It was a vomitorium.

The oldest boy puking, everywhere.

Just after baths.

Fifteen minutes before I am leaving.

Just after getting home from swimming lessons, a raucous dinner, a crazy younger brother who did not nap and construction on both sides of the house all day.

Plus the housecleaner was there today.

And I made a double batch of the family’s favorite dinner.

Oof.

It was a day.

Not a bad day, either.

Just busy.

Sometimes things happen and it’s not good or bad, it’s just what it is.
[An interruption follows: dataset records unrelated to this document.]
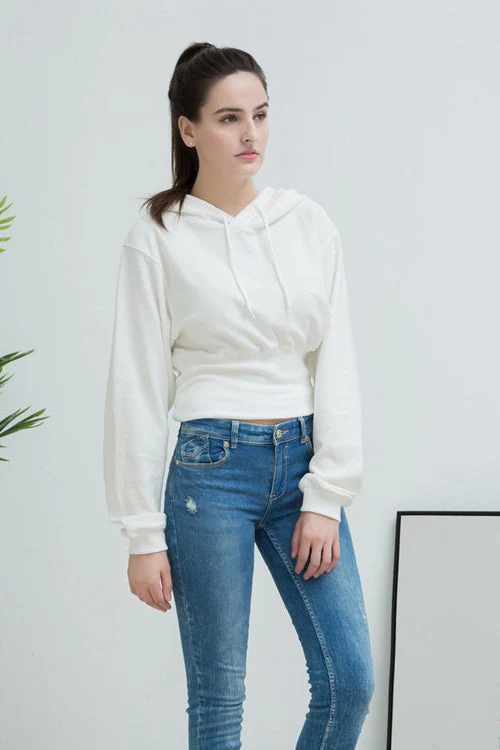 High Waist Loose Fit Hoodie - Image 2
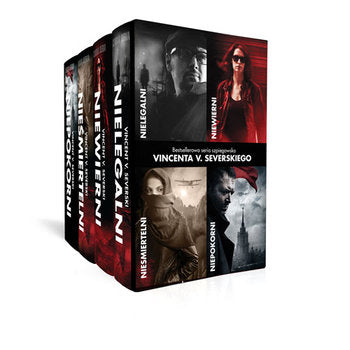 Pakiet: Nielegalni / Niewierni / Nieśmiertelni / Niepokorni - Severski Vincent V.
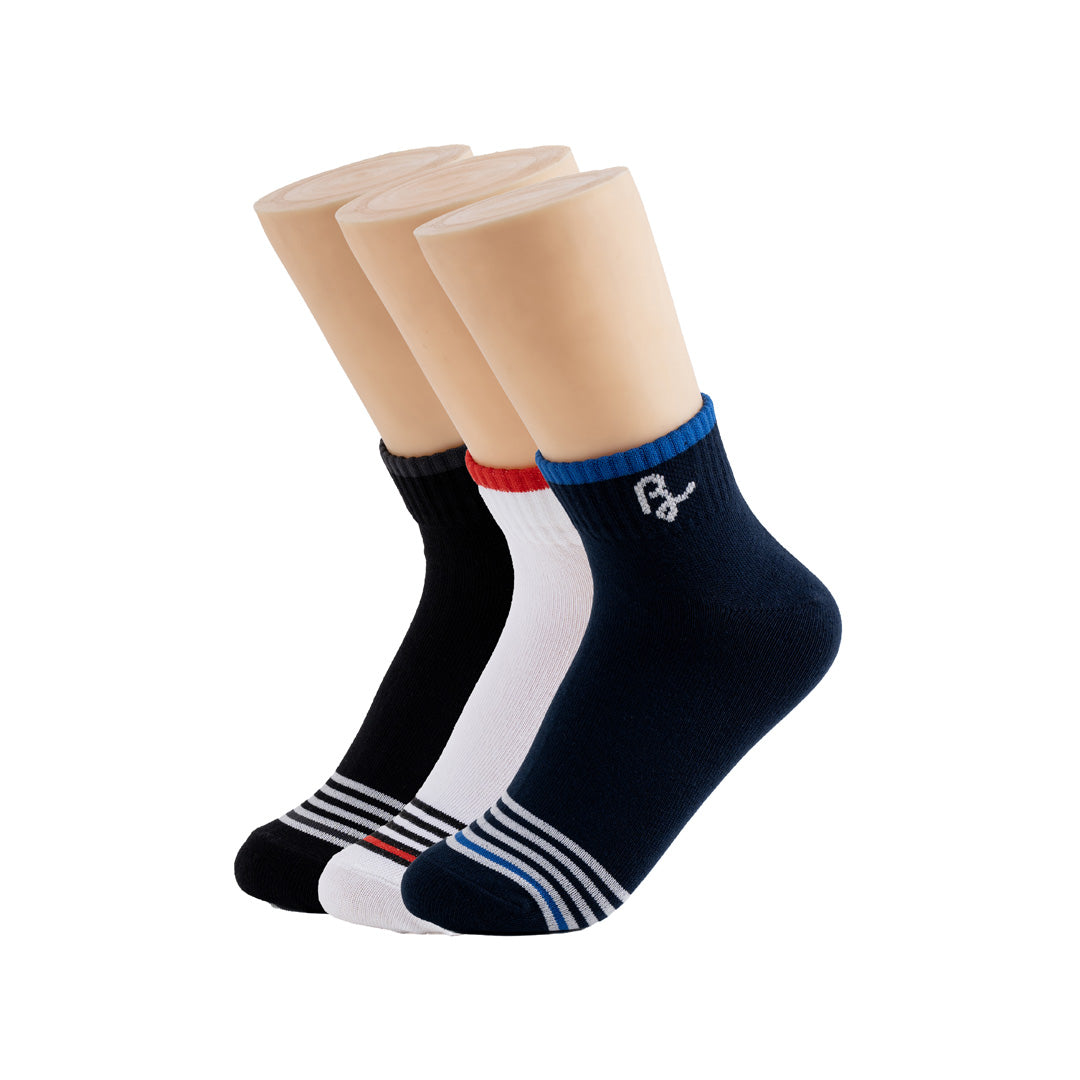 Belleza Lingerie Low Ankle Socks - Mix (Pack Of 3) - SK03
Oh and a trip to the market and a trip to the coffee shop and the park.

I mean.

It makes the day go fast.

And I do like being needed.

Although at one point, I think it was when the youngest blew a raspberry at the dinner he normally eats ravenously, “I LOVE IT” is his usual response to said meal, and dumped the entire plate on the floor that I thought.

That’s it.

I’m done.

But the vomiting was still to come.

I was not done yet.

I am glad the day is done and I had a good bike ride through the Wiggle and up into the park and over to 7th and Irving to catch up with friends and fellows and get out of myself for a little while.

Be of service and such.

“You’re single!”  My friend said, after I gave him a big hug.

I missed him last week, but it was Noir City and The Thin Man at the Castro was playing.
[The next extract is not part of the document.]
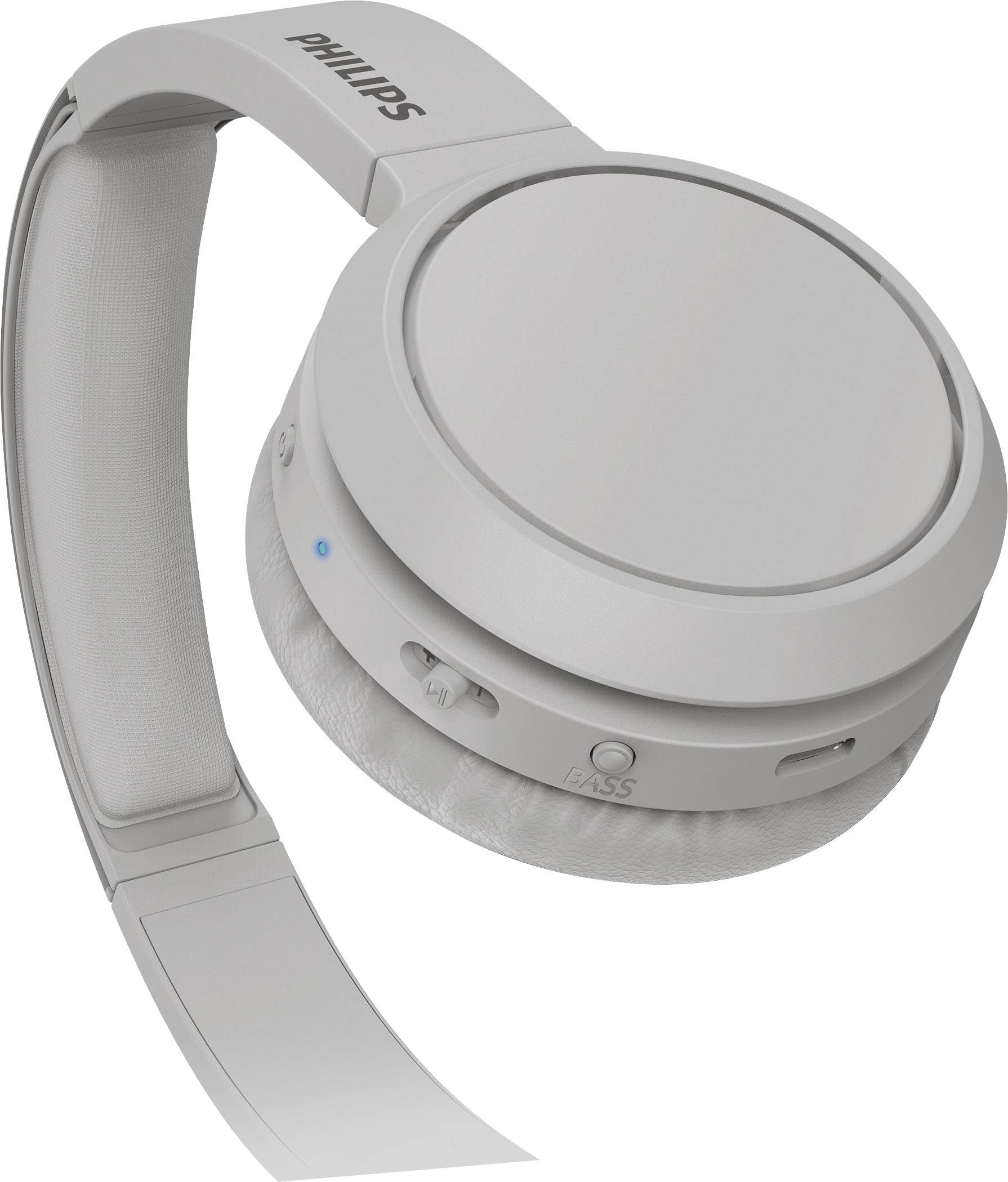 Philips TAH4205WT On Ear Kopfhörer Bluetooth® Weiß Lautstärkeregelung, Faltbar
We caught up and it was good to acknowledge, that yes, it is true, I am indeed single.

And it feels like it again.

I’m close to saying I’m ready to date, I’m definitely entertaining the thought, although there is no one in mind, it’s just there.

I have no desire, however, to re-open my OkCupid account or to actually activate the Tinder account I had downloaded.

I am going to try it the old-fashioned way.

Let someone ask me out.

I’ll give that a couple of months and if it doesn’t appear to be happening I will actively start asking guys out again.

At the moment I feel that I have to be approached.

I am worth the ask.

“What are you doing this summer?” The mom casually, not really, asked as we headed to the school to pick up the oldest boy for swimming lessons.

Working as much as possible I thought, getting ready for graduate school, hopefully not having to look for another job.

It turns out that I was being felt out about the summer vacation plans for Sonoma.

Oh.

The house in Sonoma.

Pool.

13 acres.

Woods.

Creek.

Llama farm next door.

Llama farm.

Really.

Some where around Glen Ellen, about an hour outside of the city.

The family has taken a month before, but it sounds like they are planning on taking 10 days in June and 10 days in August.

They haven’t gotten the dates set up, they are finding out about the availability of the house.

Did I say pool?

“We would rent you a car so you could come up and go down for the weekend.” The mom explained.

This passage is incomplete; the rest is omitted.